Que a ré lhe referiu que tinha fundos suficientes para efectuar o pagamento de acordo com o contrato de empreitada e que já tinha dado ordens ao banco para fazer uma transferência a seu favor.
Que abruptamente e sem qualquer motivo plausível, a ré fez constar à autora que já não estava interessada na concretização da obra, a qual era de tal importância para si que a impediu de concorrer a várias empreitadas e lhe causou prejuízos.
Juntou, como prova, documento escrito – nº3 - que em sua opinião consubstancia o contrato).
1.2.
Na contestação a ré invocou, para além do mais, a excepção dilatória da preterição de tribunal arbitral.
Alegou, para tanto, que na clausula 15ª do invocado contrato as partes acordaram em submeter qualquer questão emergente do mesmo a um tribunal arbitral com expressa renúncia a qualquer outro.
1.3.
No despacho saneador o Sr. Juiz a quo desatendeu tal excepção.
Para tanto expendeu:
«…verifica-se que…o doc.nº3, apresentado pela A. como contrato definitivo não está assinado por qualquer das partes, nem A., nem R…
Ora, condição essencial para que estejamos face a uma convenção de arbitragem é que as partes acordem em submeter o litígio à decisão de árbitros.

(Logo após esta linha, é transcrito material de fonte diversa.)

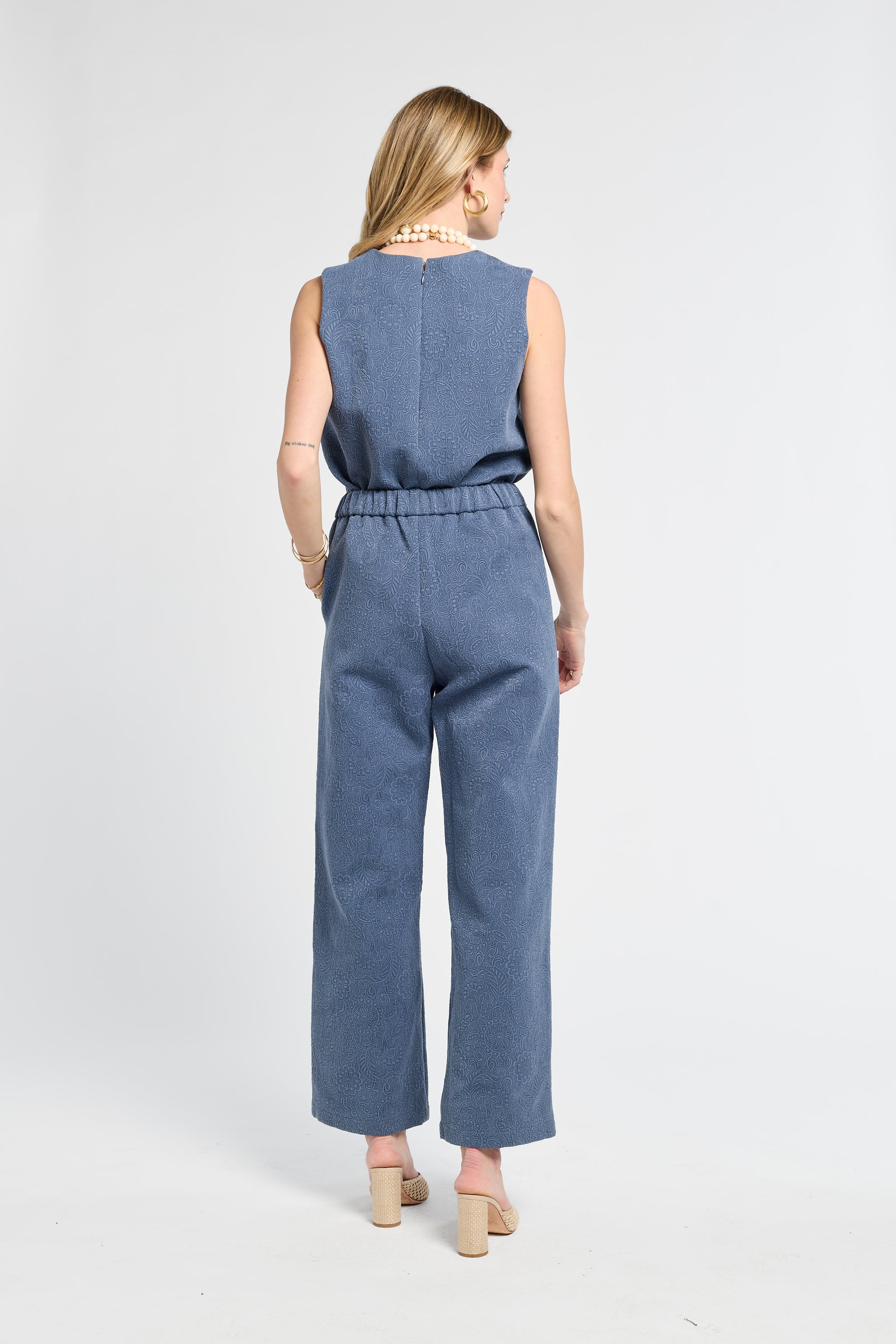 Woman wearing a pair of floral blue pants on a white background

A forma do acordo é que tem de ser por escrito.
No n.º 2 da LAV estabelecem-se várias formas pelas quais se considera esta convenção reduzida a escrito - documento assinado pelas partes, troca de cartas, telex, telegramas ou de outros meios de telecomunicação de que fique prova escrita - e das quais resulte inequivocamente que as partes quiseram submeter o litígio à decisão de árbitros.
Ora, tal intenção (acordo) e tal exigência (forma) não resulta dos autos.
Não existe um documento assinado pelas partes, não existem trocas de cartas, telegramas ou telexes, donde resulte que as partes quiseram estipular uma convenção de arbitragem.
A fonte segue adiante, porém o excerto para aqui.